Movement as Culture: Dance in the Middle East, North Africa, and the Diaspora

Moving to the Gulf, Arabizing Bollywood

This project links shifting migration patterns from India to the Gulf Coast , to the adoption of representations of a belly dance aesthetic and movement in Bollywood film dance sequences and music videos. I make these connections through an analysis of how the first popular appearance of Arab movement in a Bollywood dance sequence in 1975 occurs right in the midst of the first oil boom in the Gulf Coast Countries  (GCC), namely Saudi Arabia, in the 1970’s, which in turn led to an increase in Indian migration to the GCC. The subsequent development of GCC infrastructure to take advantage of the oil resources and exports increased the demand for Indian labor migration to the region and simultaneously created a reverse cultural flow, increasing the popularity of belly dancing aesthetics in Bollywood dance, which had previously primarily combined Western movement (i.e. ballet, swing dancing) with Indian classical movement (i.e. bharatnatyam, kathak).

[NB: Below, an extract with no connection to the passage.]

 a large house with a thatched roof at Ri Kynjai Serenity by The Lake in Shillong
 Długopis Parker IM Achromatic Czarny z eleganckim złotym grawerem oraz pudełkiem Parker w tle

Here I argue that the continued integration of Indians and rise of the Indian diaspora in the Gulf Coast has corresponded with a rise in the popularity of Bollywood film in the region, which in turn, has gradually improved the authenticity of belly dance movement in Bollywood dance sequences. An important thing to note is that while Middle Eastern movement techniques have been incorporated into the Bollywood and Indian movement vocabularies, there are not actual teachers, classes, or dance festivals of pure raqs sharqi in India. Raqs sharqi merely exists as a component of Indian fusion dance sequences.